The New York State Department of Financial Services entered into a settlement with The Bank of Tokyo-Mitsubishi UFJ, Ltd., claiming that the bank misled it regarding its US dollar NY-based clearing services on behalf of US-sanctioned Sudanese, Iranian and Burmese parties from 2002 through 2007. The Department previously entered into a settlement with the bank related to these clearing services that required the bank to pay a fine of US $250 million and agree to other sanctions. In entering into this settlement, the Department relied on a report prepared by PricewaterhouseCoopers LLP that had been commissioned by the bank. However, the Department subsequently investigated PwC’s work and concluded that the bank “successfully convinced” the PwC engagement team to remove from its report certain adverse information about the bank. As a result, PwC was fined US $25 million by the Department and suspended from accepting certain consulting engagements at financial institutions overseen by the Department for a period of time. To resolve this current matter, the bank agreed to pay an additional fine of US $315 million, implement certain disciplinary measures against certain employees (including the former general manager of the bank’s anti-money laundering, compliance and legal division), and other sanctions. (Click here for more information on this matter in the article “Accounting Firm Sanctioned for Allegedly Removing Adverse Information From Report Filed With Regulator Regarding Client’s Non-Compliance With AML Requirements” in the August 18-29 and September 2, 2014 edition of Bridging the Weeks.)

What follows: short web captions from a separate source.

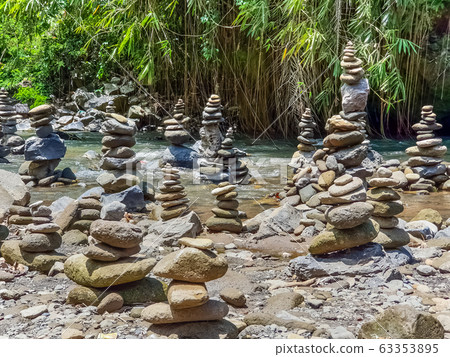 View on stone tower on mountain river on Bali, 63353895
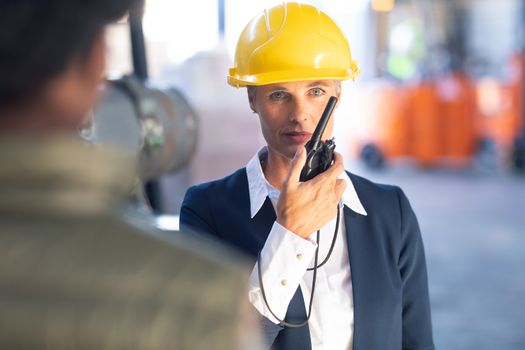Front view of Caucasian Mature female manager talking on walkie talkie in warehouse. This is a freight transportation and distribution warehouse. Industrial and industrial workers concept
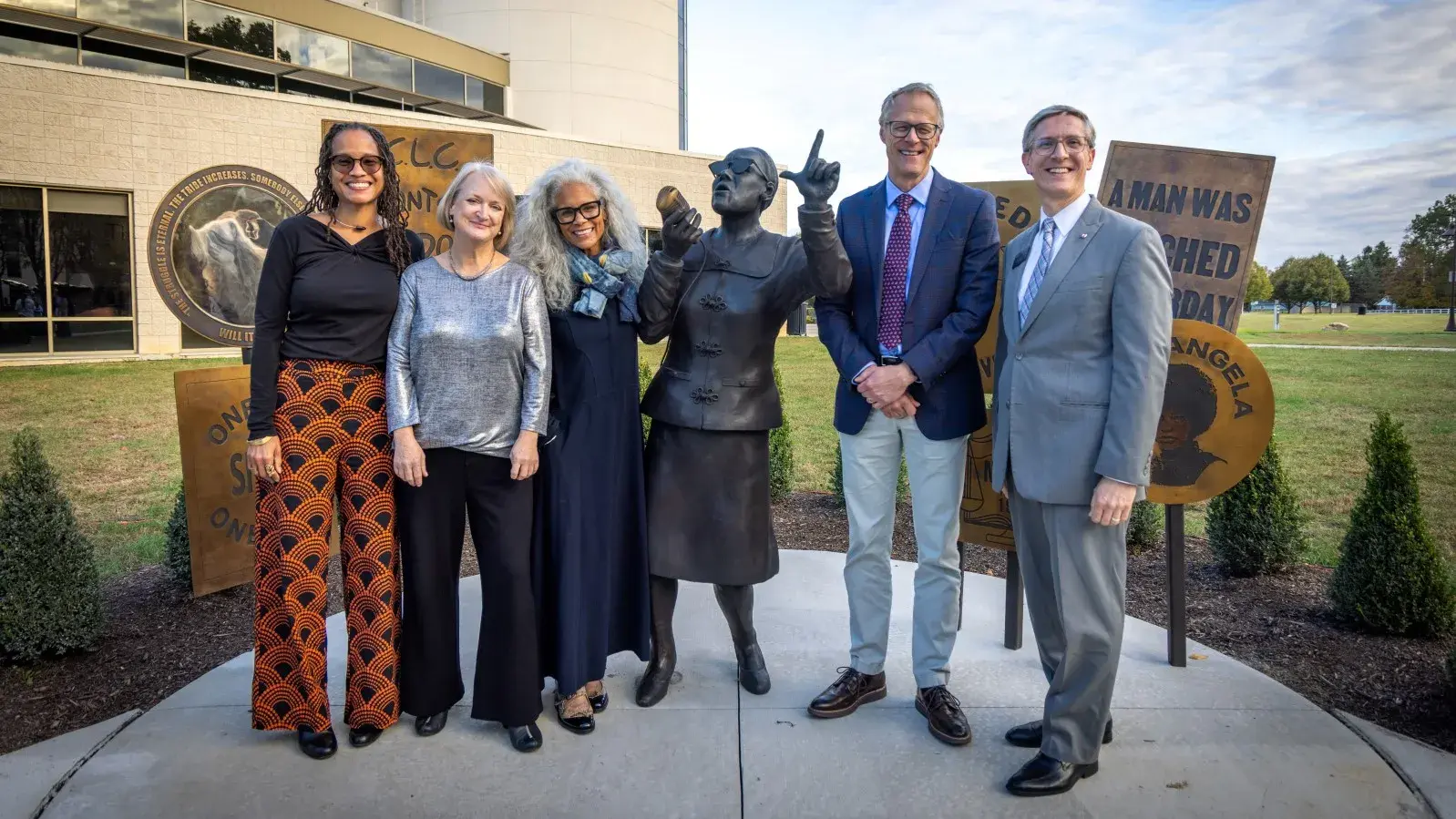 Several people stand amidst and outdoor bronze sculpture of a woman speaking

My View: My view hasn’t changed as I expressed it in a prior related article on this development: “With all respect to Shakespeare, ‘to include or not to include’ is really the important question these days for many professionals advising financial service firms or working within such entities in compliance or other control functions. Outside advisers engaged to issue reports to management regarding conduct that might be contrary to law, or internal staff required to author annual compliance or other control-oriented reports, must struggle between what they see, hear, and conclude, and how they write it, and the views of some management that may want a different emphasis in an official publication. These different perceptions can lead to tough discussions. In the end, however, a firm with a strong compliance culture will not seek to avoid accurate descriptions of facts being included in official documents no matter how embarrassing or how adverse the consequences of such disclosure may be.”